- To do
Give again the lines from the line with "225 Peggys Trace - Photo 58" to the last line of the records, exactly and in full. Do not carry over any pictures.

START Provided data

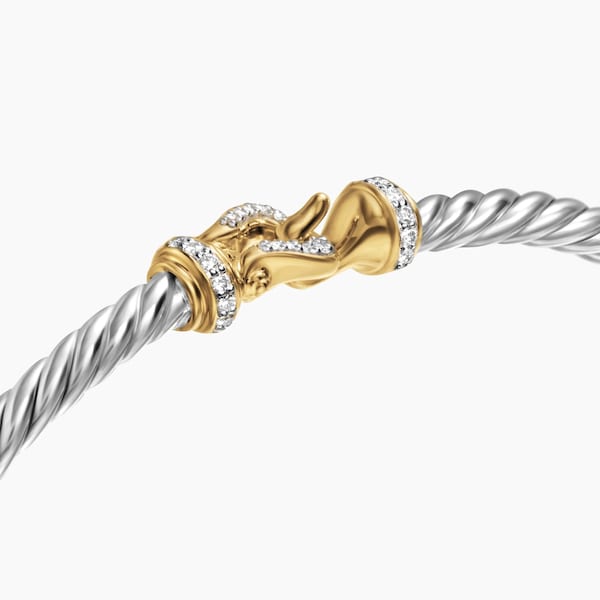 Go to product image 5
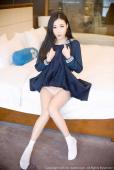 [秀人] No.654 Wendy智秀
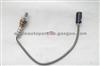 Oxygen Sensor For Nissan Infiniti Renault 22690-1F700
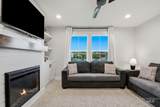 2741 Sw 3rd Ave. - Photo 24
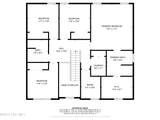 225 Peggys Trace - Photo 58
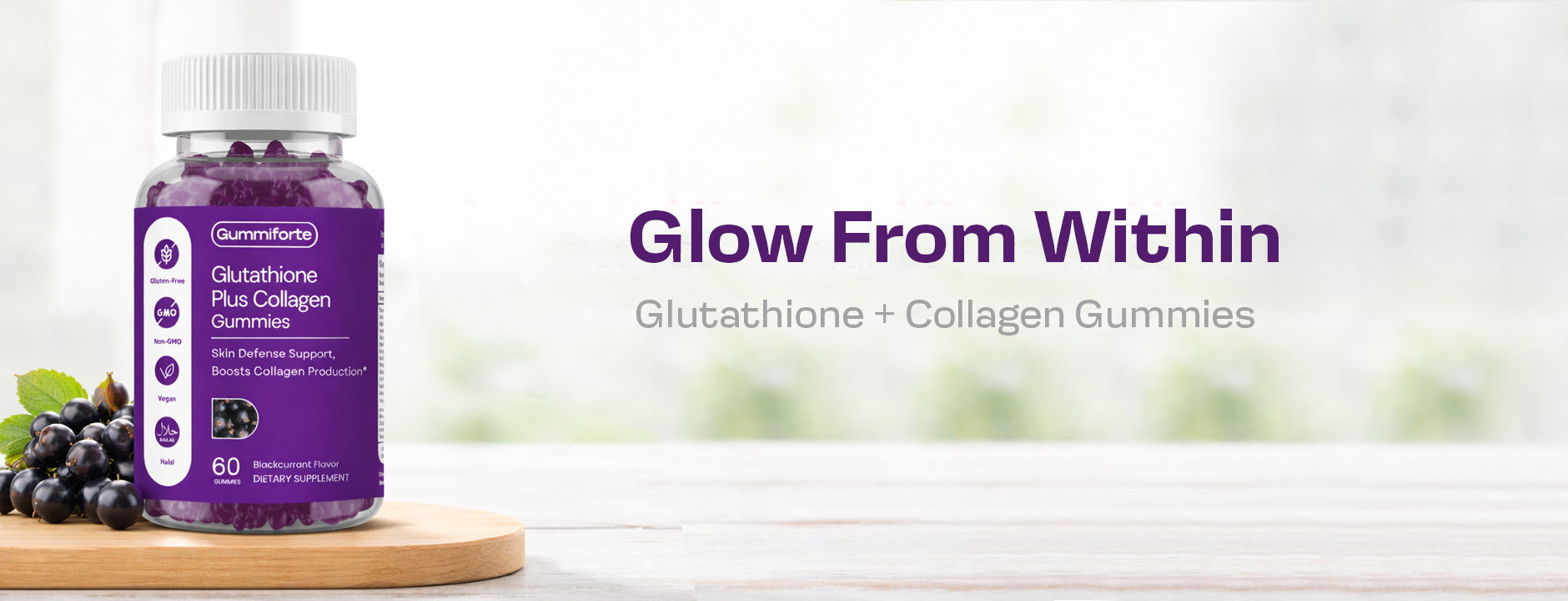glutathione skin whitening supplements Understanding How Much IV Glutathione To Take For Skin Whitening glutathione skin whitening supplements Understanding How Much IV Glutathione To Take For Skin Whitening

END Provided data

- Answer box
 225 Peggys Trace - Photo 58
glutathione skin whitening supplements Understanding How Much IV Glutathione To Take For Skin Whitening glutathione skin whitening supplements Understanding How Much IV Glutathione To Take For Skin Whitening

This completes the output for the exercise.